In 2 of 9 BAP media where lidocaine was exposed to saliva (group B) for 8 h, growth of a colony was observed. In gram staining, it was found to be Streptococcus viridans. No bacteria were found in any other groups.


Though lidocaine has strong antibacterial activity, it has been found that long-term exposure to a contaminated environment reduces its antibacterial activity and that drug contamination can be heavily affected not only by environmental but also human effects. Therefore, the use of aseptic drugs is necessary, and stopping the reuse of the drug is a way to prevent complications, including infection.
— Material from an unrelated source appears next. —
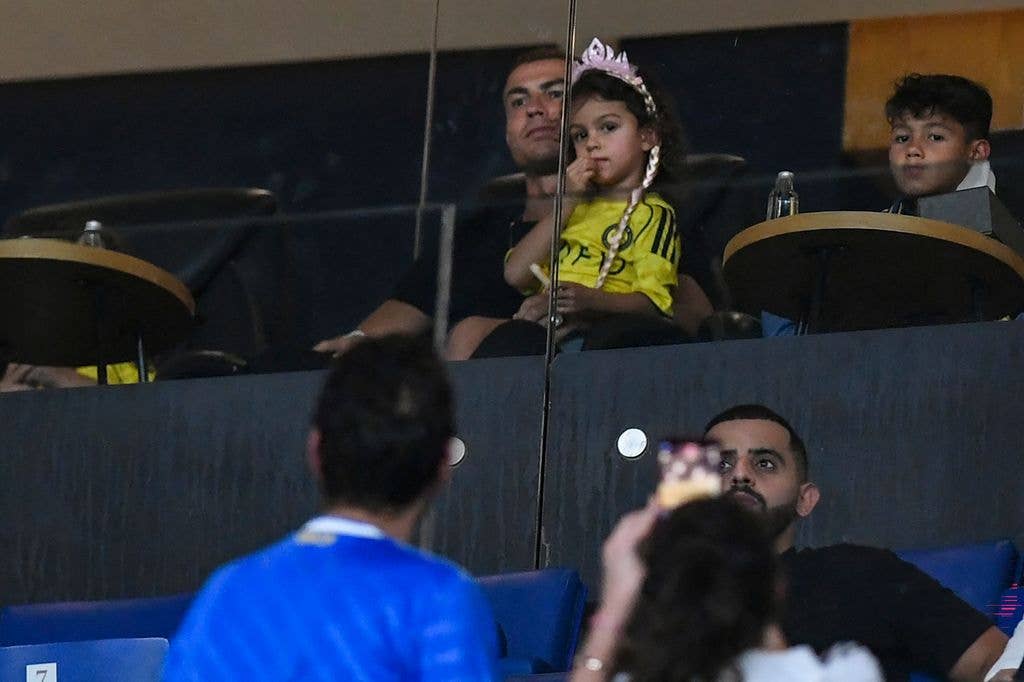 Cristiano held one of his daughters on his knee as they watched the match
Local anesthetics, such as lidocaine or levobupivacaine, which we use in our procedures, have their own antibacterial effects [1], and their antibacterial effects have already been identified in previous studies [2]. All of our procedures can cause various complications, such as infection, bleeding, dura puncture, and post intervention pain. Though there is no report on overall incidence of infection, which is one of the complications, it is reported that the incidence rate of infectious spondylodiscitis after spine surgery is 0.05-5.3% [3]. And in very rare cases, there has been a psoas abscess after injection at the pain trigger point of the spinal muscle [4]. Based on these findings, although infection is not common, it is an important complication to be avoided because of the variety of sites and features. Causes of infection include air contamination, carelessness of the operator, blood circulation of the primary infection, and the most common cause during the procedure is contamination of the needle entry path due to patient skin contamination. Though local anesthetics we use are believed to be relatively safe for infection due to their antibacterial effect, little is known about their degree of antibacterial effect. Thus, we started this study to detect hospital pathogens by exposing the drug to various contaminated environments and checking how much we should be careful and prepared as we perform surgery.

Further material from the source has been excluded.